The U.S. Health and Human Services Department (HHS) has introduced a policy regarding the use of gender pronouns, inciting criticism for allegedly infringing on employee rights and compelling speech.
Roger Severino, a former HHS civil rights chief and current vice president at the Heritage Foundation, asserts that the policy could lead to dismissals for "misgendering" colleagues, Fox News reported.
Severino, who revealed the policy on the social media platform X, claims it mandates employees to use transgender pronouns, thereby "denying biological realities" or risk termination. He contends this contradicts the First Amendment by forcing federal employees to express state-endorsed ideologies and to renounce personal faith.
The guidance email to HHS staff, advocating for "Gender Identity and Non-Discrimination," directs that all personnel should be recognized by their self-identified names and pronouns. It is said to align with executive orders aimed at preventing gender identity-based discrimination.
The U.S. Office of Personnel Management outlines that using correct names and pronouns is crucial for discrimination and harassment-free workplaces. It clarifies that inadvertent misuse of names or pronouns is not harassment, but persistent misgendering may contribute to a hostile work environment, as explained by the Equal Employment Opportunity Commission (EEOC).
"All applicants and employees should be addressed by the names and pronouns they use to describe themselves. Using correct names and pronouns helps foster workplaces free of discrimination and harassment," the U.S. Office of Personnel Management guidance states.
A linked video featuring Assistant HHS Secretary Rachel Levine highlights the affirmation of individual gender identity. Severino criticizes the policy as Orwellian, suggesting that noncompliance could lead to job loss and negatively impact workplace morale. He mentions legal arguments against such policies and emphasizes the right to political dissent and religious freedom, drawing parallels to historical Supreme Court rulings on compelled speech.
Severino expresses concern over the implications of the policy in workplace facilities, including restrooms and locker rooms, and the discomfort it may cause.
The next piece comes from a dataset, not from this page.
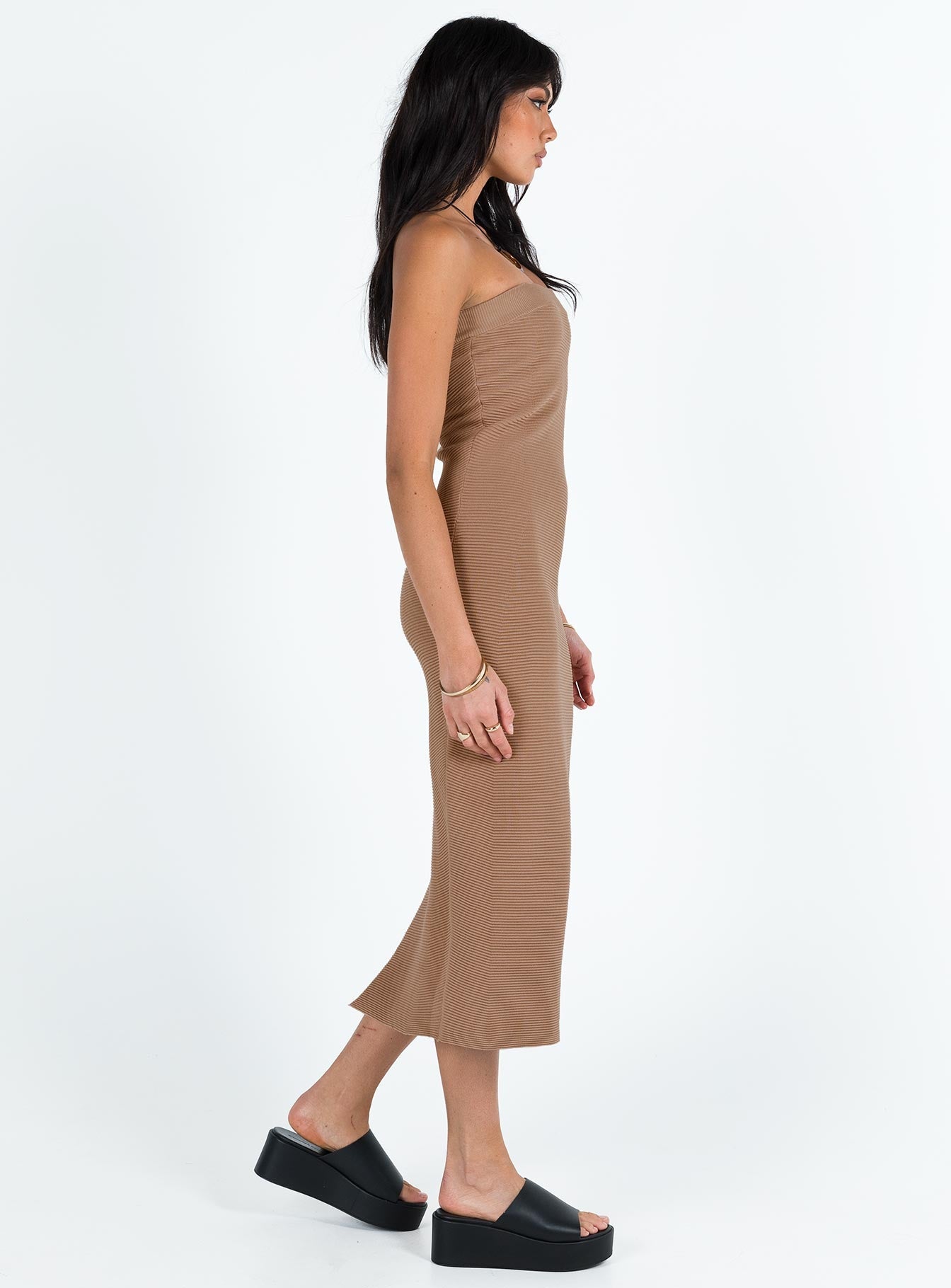 Vista Strapless Midi Dress Brown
He suggests employees face a difficult choice between compromising their beliefs or risking their employment.
"Men who identify as female have the right to get naked in front of female colleagues in the locker room," Severino said.
"It used to be that if you allowed a man to get naked in front of a woman in the workplace that is instantly a violation of civil rights law," Severino added. "That's the quintessential hostile work environment, subjecting women to that. Now, the policy says to the women who may be uncomfortable with that situation, they're the ones who have to leave."